Both the national parties - BJP and Congress - are not disinclined to the idea of merger in the banking space. In 2012, the finance ministry had divided banks in seven pools and a large bank was appointed as coordinator for each group to try work collectively on issues such as human resource and internal audit. The move was later discontinued.

"Banks such as the United Bank of India, where the government holds 88 per cent stake, can be easily delisted and merged. Similarly, there are more than three banks where government's stake is close to 90 per cent. If there's a political will, regulatory issues can be resolved," said another finance ministry official.

Mergers in state-run banks have been opposed on the grounds that there are cultural and technological differences in their functioning. In the past, the mergers have not only been opposed by the unions but also by chairmen and executive directors as it will also lead to lesser number of posts available.

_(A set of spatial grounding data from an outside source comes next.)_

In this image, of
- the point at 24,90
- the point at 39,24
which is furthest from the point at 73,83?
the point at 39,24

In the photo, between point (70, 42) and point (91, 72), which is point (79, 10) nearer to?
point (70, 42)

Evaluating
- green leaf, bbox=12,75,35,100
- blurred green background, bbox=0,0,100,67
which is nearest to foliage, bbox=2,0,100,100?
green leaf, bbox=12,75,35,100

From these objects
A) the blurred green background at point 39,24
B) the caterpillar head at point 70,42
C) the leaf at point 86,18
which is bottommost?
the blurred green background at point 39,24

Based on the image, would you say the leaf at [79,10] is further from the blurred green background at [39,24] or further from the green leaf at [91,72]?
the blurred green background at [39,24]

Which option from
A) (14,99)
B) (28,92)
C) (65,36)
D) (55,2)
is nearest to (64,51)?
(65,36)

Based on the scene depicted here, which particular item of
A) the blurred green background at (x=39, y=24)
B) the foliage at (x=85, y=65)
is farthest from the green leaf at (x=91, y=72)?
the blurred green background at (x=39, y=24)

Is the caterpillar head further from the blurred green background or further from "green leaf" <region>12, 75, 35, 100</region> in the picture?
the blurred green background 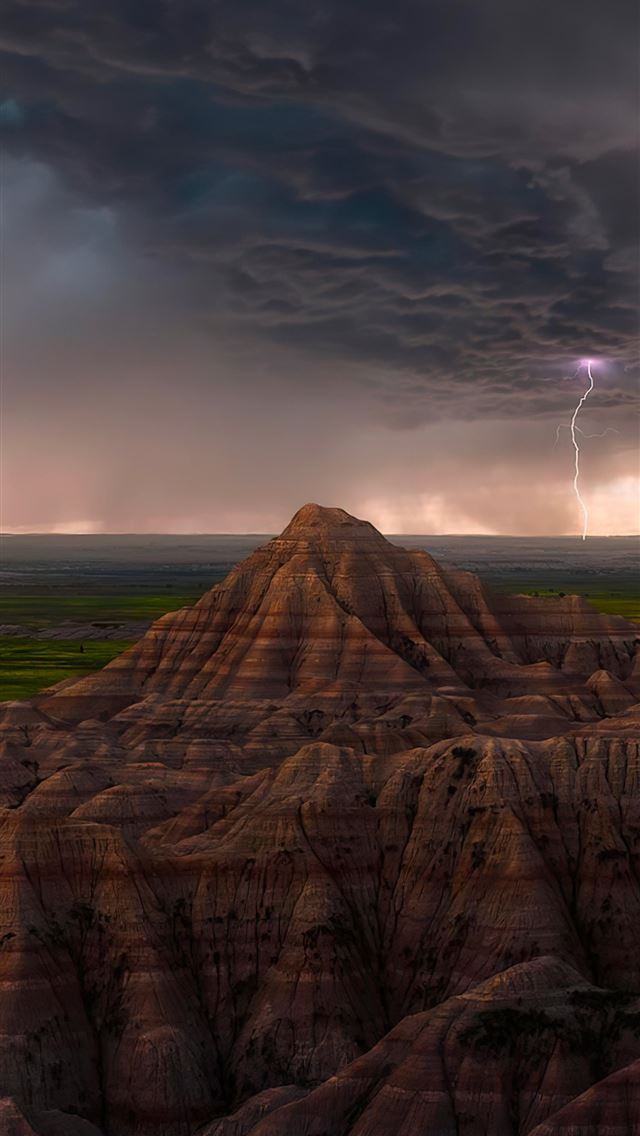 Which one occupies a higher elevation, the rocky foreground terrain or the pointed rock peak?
the pointed rock peak

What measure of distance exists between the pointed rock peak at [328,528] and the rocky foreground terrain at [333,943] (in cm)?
3592

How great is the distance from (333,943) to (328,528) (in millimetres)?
64215

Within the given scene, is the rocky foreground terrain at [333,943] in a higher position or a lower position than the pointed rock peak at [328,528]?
lower

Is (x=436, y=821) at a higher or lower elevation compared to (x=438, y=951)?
higher

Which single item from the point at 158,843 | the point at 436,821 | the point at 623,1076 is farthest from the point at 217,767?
the point at 623,1076

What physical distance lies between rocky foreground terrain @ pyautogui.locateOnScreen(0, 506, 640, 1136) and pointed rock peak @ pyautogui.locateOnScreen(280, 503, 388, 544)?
3592 centimetres

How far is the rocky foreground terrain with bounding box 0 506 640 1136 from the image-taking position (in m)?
41.7

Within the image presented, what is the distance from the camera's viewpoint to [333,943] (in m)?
52.8

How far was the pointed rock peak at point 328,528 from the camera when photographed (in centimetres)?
11381

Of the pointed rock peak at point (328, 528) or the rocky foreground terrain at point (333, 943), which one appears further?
the pointed rock peak at point (328, 528)

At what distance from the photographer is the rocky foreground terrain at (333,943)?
137 ft

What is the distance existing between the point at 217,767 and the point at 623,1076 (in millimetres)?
41509

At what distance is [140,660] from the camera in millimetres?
112562

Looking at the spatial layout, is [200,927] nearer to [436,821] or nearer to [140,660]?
[436,821] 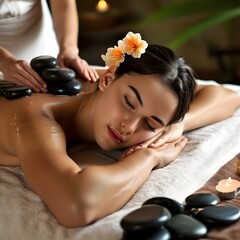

"The primary concern is the branding issue. There's fierce customer loyalty among smaller banks and if you merge them with a larger bank, then you have to look at what happens to the brand and how customers respond," the above-quoted finance ministry official said, adding that a new brand can subsume the existing brands and carve out a new identity over a period of time.

"We have to take both Sebi and RBI on board and it may be a lengthy process. In the past, banks such as Axis Bank have successfully transitioned," said the official. Axis Bank was earlier known as UTI Bank and changed its brand in 2007. It had spent around Rs50 crore in the re-branding exercise.